Quindi se mai il problema non è tanto il fatto che servano le opere pubbliche – TANTO SE NON LEFA LO STATO LE FARANNO I PRIVATI SU CUI CI FANNO PROFITTI a nostre spese CHE LO STATO NON FA (vedi l’istruzione); ma se mai il fatto o che la moneta viene creata a debito oppure che ci ostiniamo a credere che il concetto di debito pubblico sia un male.

La differenza tra la visione occidentale (europea in particolare) e quella giapponese (ad esempio) è proprio questa.

In Europa abbiamo adottato la visione tedesca su qualunque cosa.

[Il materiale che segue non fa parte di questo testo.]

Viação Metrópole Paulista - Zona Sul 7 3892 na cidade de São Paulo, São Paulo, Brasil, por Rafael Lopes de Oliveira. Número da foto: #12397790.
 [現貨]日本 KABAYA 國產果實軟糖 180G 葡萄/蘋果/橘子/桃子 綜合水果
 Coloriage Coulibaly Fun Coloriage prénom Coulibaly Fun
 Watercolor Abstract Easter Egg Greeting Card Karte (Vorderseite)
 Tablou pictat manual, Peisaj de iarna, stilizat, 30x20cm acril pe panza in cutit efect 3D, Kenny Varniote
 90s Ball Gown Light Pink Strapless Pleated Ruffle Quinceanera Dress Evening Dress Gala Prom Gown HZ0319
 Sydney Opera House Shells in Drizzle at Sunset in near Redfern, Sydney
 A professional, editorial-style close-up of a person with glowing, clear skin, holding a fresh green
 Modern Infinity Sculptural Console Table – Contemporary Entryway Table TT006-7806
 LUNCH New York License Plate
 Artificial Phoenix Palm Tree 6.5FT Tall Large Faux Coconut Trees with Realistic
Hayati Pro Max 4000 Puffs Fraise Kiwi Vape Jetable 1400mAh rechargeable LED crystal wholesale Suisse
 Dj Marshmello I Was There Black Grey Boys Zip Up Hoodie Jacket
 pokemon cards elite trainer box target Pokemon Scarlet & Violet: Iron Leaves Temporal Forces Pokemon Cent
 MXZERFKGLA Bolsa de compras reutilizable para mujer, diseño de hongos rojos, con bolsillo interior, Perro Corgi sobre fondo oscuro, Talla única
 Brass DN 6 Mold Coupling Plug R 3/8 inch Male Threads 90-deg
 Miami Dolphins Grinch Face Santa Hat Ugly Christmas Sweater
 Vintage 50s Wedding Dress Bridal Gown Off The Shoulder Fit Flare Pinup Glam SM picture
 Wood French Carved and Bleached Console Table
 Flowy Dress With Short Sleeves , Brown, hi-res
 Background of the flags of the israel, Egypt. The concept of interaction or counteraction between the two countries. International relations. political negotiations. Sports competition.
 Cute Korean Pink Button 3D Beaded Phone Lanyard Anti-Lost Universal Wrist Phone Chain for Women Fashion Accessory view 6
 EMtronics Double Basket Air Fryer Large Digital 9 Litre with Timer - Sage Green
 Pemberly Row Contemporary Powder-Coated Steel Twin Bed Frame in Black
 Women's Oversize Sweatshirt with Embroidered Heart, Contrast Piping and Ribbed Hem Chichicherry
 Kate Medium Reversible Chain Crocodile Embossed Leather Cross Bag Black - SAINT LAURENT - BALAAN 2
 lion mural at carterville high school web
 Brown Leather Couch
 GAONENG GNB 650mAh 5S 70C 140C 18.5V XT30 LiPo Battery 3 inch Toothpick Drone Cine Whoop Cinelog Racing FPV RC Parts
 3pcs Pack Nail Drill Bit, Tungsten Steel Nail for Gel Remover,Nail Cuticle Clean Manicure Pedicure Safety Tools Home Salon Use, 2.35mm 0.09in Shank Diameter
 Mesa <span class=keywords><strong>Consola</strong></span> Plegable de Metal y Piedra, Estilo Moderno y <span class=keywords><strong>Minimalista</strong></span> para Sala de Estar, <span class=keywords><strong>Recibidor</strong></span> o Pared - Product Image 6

I termini DEBITO e PECCATO in tedesco si sovrappongono.

Questa è la radice culturale su cui si fonda la valenza morale del debito pubblico che altro non è che una voce di bilancio.

Una questione contabile, non morale.

L’esempio della Grecia è l’evidenza più lampante dell’ipocrisia europea.

La Grecia non è stata massacrata per salvare i conti pubblici, ma per salvare le banche tedesche e francesi, ma non solo, dai prestiti privati che i cittadini greci non erano più in grado di rimborsare.

Sono stati prestati soldi degli altri contribuenti europei alla Grecia per salvare le banche francesi e tedesche dal fallimento.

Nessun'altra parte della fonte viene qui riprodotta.